___ Working data ___

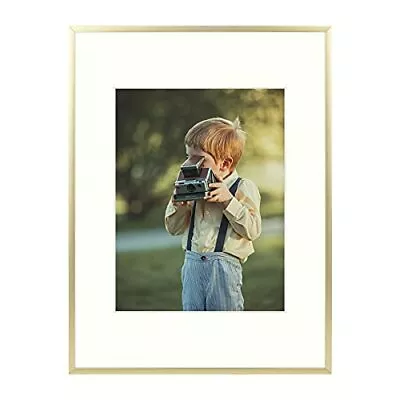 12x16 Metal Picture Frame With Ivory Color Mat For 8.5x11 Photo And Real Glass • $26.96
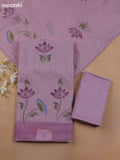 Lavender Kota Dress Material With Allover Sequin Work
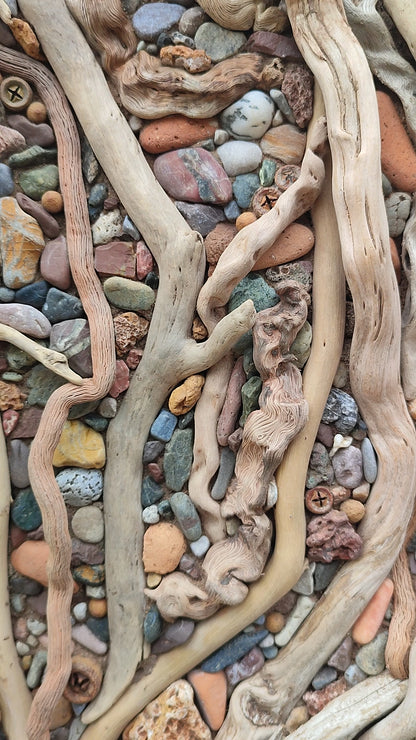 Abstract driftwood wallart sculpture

___
___ Working data ___

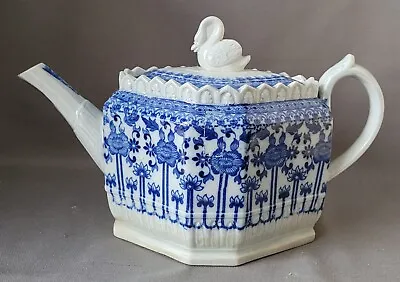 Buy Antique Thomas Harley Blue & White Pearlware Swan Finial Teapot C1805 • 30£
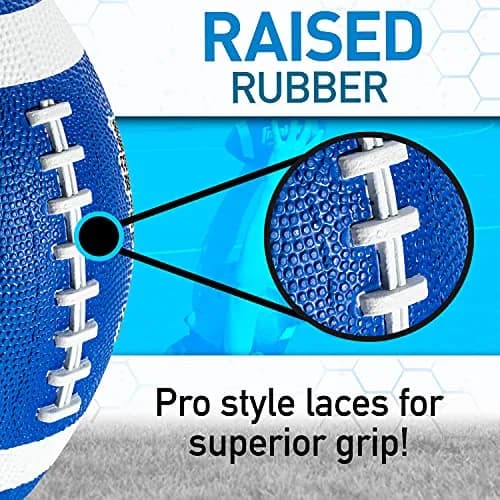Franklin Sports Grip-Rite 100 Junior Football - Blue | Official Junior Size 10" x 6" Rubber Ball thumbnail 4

___

Assignment:
All that should be printed is the run of lines above from the one with "Buy Antique Thomas" through the one with "Franklin Sports Grip-Rite", both included, exactly as given, with pictures left out.

Solution to the exercise:
 Buy Antique Thomas Harley Blue & White Pearlware Swan Finial Teapot C1805 • 30£
Franklin Sports Grip-Rite 100 Junior Football - Blue | Official Junior Size 10" x 6" Rubber Ball thumbnail 4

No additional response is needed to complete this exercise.